**Instructions for the task**
Look through the entries below and extract exactly the lines from the one containing "Emerald Ruby Gem-Stone" through the one containing "Pete Rose Reds", ends included.

*** Records to use ***

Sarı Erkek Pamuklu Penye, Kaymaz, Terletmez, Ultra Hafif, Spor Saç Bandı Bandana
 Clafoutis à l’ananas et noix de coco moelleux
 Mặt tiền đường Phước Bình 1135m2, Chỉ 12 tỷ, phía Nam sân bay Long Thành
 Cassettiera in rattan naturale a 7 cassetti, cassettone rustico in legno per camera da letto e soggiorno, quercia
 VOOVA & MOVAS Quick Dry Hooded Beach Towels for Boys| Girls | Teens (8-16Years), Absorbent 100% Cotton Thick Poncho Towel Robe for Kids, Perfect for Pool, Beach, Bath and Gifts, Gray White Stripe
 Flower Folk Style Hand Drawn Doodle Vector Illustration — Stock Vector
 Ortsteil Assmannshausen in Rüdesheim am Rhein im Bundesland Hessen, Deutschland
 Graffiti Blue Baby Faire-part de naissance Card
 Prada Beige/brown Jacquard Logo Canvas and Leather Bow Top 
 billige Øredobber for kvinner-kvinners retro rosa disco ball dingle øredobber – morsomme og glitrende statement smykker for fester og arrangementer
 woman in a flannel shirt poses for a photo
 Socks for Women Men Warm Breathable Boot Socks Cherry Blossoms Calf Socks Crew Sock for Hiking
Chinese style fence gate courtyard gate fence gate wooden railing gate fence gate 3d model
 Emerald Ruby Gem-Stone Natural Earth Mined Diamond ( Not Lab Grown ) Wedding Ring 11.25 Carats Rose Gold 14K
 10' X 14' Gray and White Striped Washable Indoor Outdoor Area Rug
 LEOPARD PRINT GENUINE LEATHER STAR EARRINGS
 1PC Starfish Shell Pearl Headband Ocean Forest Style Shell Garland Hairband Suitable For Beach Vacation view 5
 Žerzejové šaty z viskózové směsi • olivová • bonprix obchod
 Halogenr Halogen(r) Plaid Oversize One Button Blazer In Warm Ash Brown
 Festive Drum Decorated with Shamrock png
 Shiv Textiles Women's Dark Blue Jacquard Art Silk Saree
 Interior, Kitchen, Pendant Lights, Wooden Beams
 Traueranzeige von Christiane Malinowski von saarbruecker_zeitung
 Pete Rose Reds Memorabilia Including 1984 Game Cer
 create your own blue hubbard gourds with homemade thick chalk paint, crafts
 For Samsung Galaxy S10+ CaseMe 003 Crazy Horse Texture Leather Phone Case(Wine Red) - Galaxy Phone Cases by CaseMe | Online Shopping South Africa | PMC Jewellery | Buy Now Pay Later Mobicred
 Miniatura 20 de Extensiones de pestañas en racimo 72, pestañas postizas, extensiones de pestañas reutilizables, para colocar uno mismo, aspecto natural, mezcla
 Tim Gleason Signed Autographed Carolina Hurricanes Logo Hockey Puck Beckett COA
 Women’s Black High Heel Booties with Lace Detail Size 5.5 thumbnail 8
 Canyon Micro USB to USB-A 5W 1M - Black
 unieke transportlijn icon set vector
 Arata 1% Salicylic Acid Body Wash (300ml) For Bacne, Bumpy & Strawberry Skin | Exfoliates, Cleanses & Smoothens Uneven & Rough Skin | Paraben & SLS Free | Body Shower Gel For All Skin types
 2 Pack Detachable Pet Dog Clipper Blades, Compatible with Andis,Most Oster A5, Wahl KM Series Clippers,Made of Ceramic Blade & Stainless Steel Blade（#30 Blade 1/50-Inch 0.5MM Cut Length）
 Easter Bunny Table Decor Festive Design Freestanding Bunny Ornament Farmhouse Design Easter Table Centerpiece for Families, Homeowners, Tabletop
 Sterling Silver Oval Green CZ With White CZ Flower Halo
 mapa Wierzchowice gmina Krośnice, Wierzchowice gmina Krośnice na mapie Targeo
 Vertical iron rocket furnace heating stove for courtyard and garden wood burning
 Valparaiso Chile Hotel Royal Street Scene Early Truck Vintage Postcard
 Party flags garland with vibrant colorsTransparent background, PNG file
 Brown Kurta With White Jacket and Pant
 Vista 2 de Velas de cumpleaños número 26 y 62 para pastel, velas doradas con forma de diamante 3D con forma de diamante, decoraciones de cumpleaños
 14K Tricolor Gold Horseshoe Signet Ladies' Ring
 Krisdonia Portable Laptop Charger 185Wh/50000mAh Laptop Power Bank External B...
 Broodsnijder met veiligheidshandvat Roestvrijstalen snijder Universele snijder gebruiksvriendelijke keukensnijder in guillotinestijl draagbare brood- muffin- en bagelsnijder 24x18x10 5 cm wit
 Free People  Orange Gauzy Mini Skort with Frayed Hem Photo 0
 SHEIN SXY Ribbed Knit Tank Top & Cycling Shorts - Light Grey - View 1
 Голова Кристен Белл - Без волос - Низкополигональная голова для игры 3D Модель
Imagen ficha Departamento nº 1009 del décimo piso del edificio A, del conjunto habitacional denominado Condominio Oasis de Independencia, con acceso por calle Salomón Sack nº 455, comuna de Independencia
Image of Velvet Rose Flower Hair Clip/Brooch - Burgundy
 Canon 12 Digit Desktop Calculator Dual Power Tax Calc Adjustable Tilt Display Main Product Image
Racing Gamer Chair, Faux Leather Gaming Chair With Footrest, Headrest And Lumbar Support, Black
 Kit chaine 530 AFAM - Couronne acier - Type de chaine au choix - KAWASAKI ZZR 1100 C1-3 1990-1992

***

**Solution to this task**
 Emerald Ruby Gem-Stone Natural Earth Mined Diamond ( Not Lab Grown ) Wedding Ring 11.25 Carats Rose Gold 14K
 10' X 14' Gray and White Striped Washable Indoor Outdoor Area Rug
 LEOPARD PRINT GENUINE LEATHER STAR EARRINGS
 1PC Starfish Shell Pearl Headband Ocean Forest Style Shell Garland Hairband Suitable For Beach Vacation view 5
 Žerzejové šaty z viskózové směsi • olivová • bonprix obchod
 Halogenr Halogen(r) Plaid Oversize One Button Blazer In Warm Ash Brown
 Festive Drum Decorated with Shamrock png
 Shiv Textiles Women's Dark Blue Jacquard Art Silk Saree
 Interior, Kitchen, Pendant Lights, Wooden Beams
 Traueranzeige von Christiane Malinowski von saarbruecker_zeitung
 Pete Rose Reds Memorabilia Including 1984 Game Cer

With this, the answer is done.